Chemists debate machine learning’s future in synthesis planning and ask for open data

A controversial paper ignites discussion around how to use data-based algorithms and report results

by Fernando Gomollón-Bel, special to C&EN
May 17, 2022 | A version of this story appeared in Volume 100, Issue 18

 

Two scientists are surrounded by floating molecules that they are poking and making glow. One scientist stands in red surroundings and the other stands in blue.
Credit: Shutterstock/C&EN

In March, a paper in the Journal of the American Chemical Society sparked a heated Twitter debate on the value of machine learning for predicting optimal reaction pathways in synthetic chemistry. The authors argue that certain data-driven algorithms capture only trends that already exist in the chemical literature, thus failing to reach new, creative conclusions (J. Am. Chem. Soc. 2022, DOI: 10.1021/jacs.1c12005).

But other experts disagree and advocate for the use of such algorithms. The key to success, they say, is for researchers to ask computers the right questions, establish good benchmarks for machine learning, and promote open-data initiatives.

Bartosz A. Grzybowski of the Institute for Basic Science in South Korea co-led the study. He and his group have created software, such as Chematica (now Synthia) and Allchemy, that use the basic rules of chemistry to predict multistep synthetic pathways and complex biosynthetic ones. In contrast, other algorithms use existing data to predict these pathways.

For the JACS study, though, the team wanted to examine the difficulties of data-driven approaches. The researchers trained several popular algorithms on more than 10,000 examples of the Suzuki-Miyaura cross-coupling reaction that used heterocyclic building blocks. Grzybowski says the team chose the Suzuki-Miyaura reaction because its high prevalence in organic syntheses meant a relatively large database of examples to work with. But none of the algorithms offered meaningful, new predictions of optimal reaction conditions, even though the researchers “pretty much exhausted the methods used in chemical [artificial intelligence],” Grzybowski says.

Grzybowski and his coauthors concluded that the algorithms for recommending synthetic pathways are biased toward the reaction conditions reported most often in scientific papers. So an algorithm trained exclusively with data from traditional chemical transformations will never defy norms or offer original suggestions. “Data-trained algorithms don’t think out of the box,” Grzybowski says. The study’s results make him think that “data-driven artificial intelligence is doomed.”

But other researchers don’t agree with the study’s conclusions. Computational chemist Connor W. Coley of the Massachusetts Institute of Technology argues that data-driven algorithms have utility and don’t deserve to be written off. “It can be really hard to measure success in machine learning,” he says.

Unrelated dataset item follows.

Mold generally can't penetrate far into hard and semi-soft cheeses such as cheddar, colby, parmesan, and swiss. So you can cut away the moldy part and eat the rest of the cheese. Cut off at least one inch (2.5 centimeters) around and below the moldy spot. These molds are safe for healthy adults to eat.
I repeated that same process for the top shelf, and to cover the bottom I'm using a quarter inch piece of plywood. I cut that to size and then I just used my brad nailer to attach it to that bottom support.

In contrast to the authors’ conclusions, Coley says some of the data-based algorithms designed reaction conditions that outperformed those cited most often in the databases the algorithms trained on. Disregarding the improvements because they’re unsatisfactory is entirely subjective, Coley said on Twitter. He argues that chemists need to establish the right benchmarks and evaluation metrics to properly assess whether the conclusions of data-driven algorithms represent a real improvement over what is already known.

Coley also points to established benchmarks in retrosynthesis, the practice of backtracking from a target molecule to plan a reaction pathway. Many pathways could be possible, and chemists choose which one is appropriate for their needs. For example, they may sacrifice a better yield to avoid hazardous solvents. So to achieve good results with data-driven algorithms, chemists need to first apply the right constraints and preferences. “If we need out-of-the-box solutions, we could perturb the models to reach beyond the [traditional] limits, rewarding uncertainty and optimistic scenarios,” Coley tells C&EN.

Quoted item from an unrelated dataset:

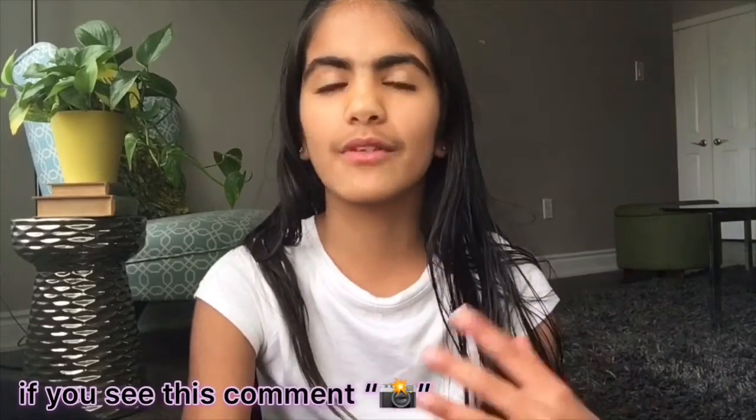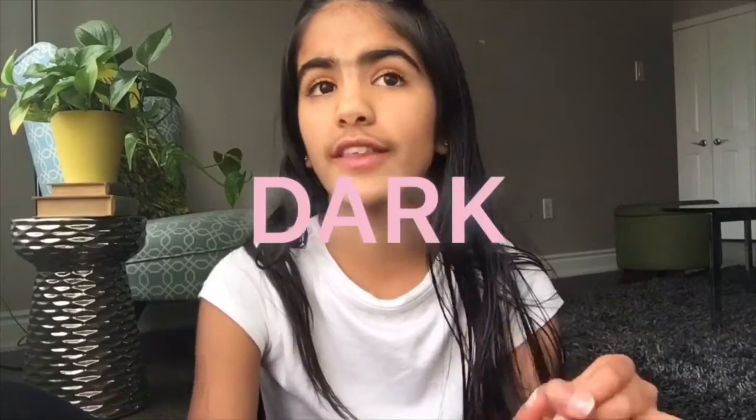That's going to be it for today's video! I really hope you guys enjoyed it — it was such a fun video to film. I love photography, taking pictures, and editing them, and I got to experiment with different picture styles: dark, artsy, and vintage. I really enjoyed this video and I hope you guys did too. Leave a like, subscribe if you want, and I'll see you guys in my next video — bye!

On top of better benchmarks, chemists need more sophisticated inputs for any machine learning approach. “We need better data,” says Gabe Gomes of Carnegie Mellon University, an expert in machine learning and automated synthesis. He advocates for data accessibility and stewardship in the sciences.

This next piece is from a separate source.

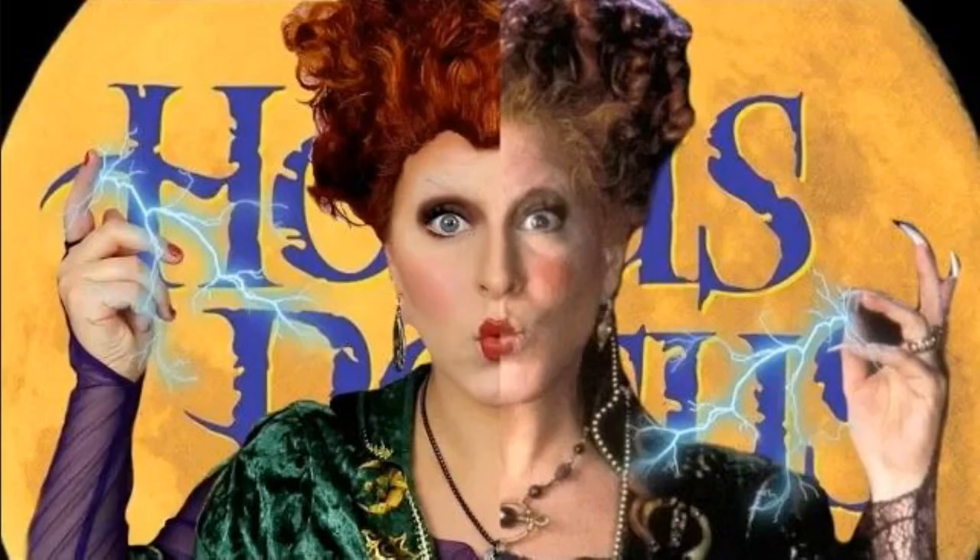What's up party people and welcome back to my channel. I'm going to jump right into the tutorial, but before we get into it, this is an expansion on my Hocus Pocus makeup transformations. I did Winifred a couple of years ago so I'm gonna link that up in the card, also in the description box and at the end in the outro.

“A common data source is the US Patent and Trademark Office, with a great bias towards successful, commercial transformations,” Gomes says. But these patents and published data typically omit information on reactions that don’t work, and therefore algorithms never learn to avoid reactions that are not possible. Also, “Most of the data in the pharmaceutical industry is never shared, mostly because of issues with intellectual property,” he says.

Beyond publishing relevant data, another challenge is ensuring those data are accessible and in formats that machine learning algorithms can use. Núria López, an expert in computational chemistry at the Institute of Chemical Research of Catalonia, considers it crucial to follow the principles for scientific data management known as FAIR: findability, accessibility, interoperability, and reusability of digital assets.

“FAIR data ensures transparency, as well as important features such as traceability,” López says. Better descriptors beyond the text-based, computer-readable SMILES (simplified molecular-input line-entry system), which is currently used for describing molecules, could also help anonymize proprietary information so that it can be deposited into public databases and contribute to training sets for algorithms.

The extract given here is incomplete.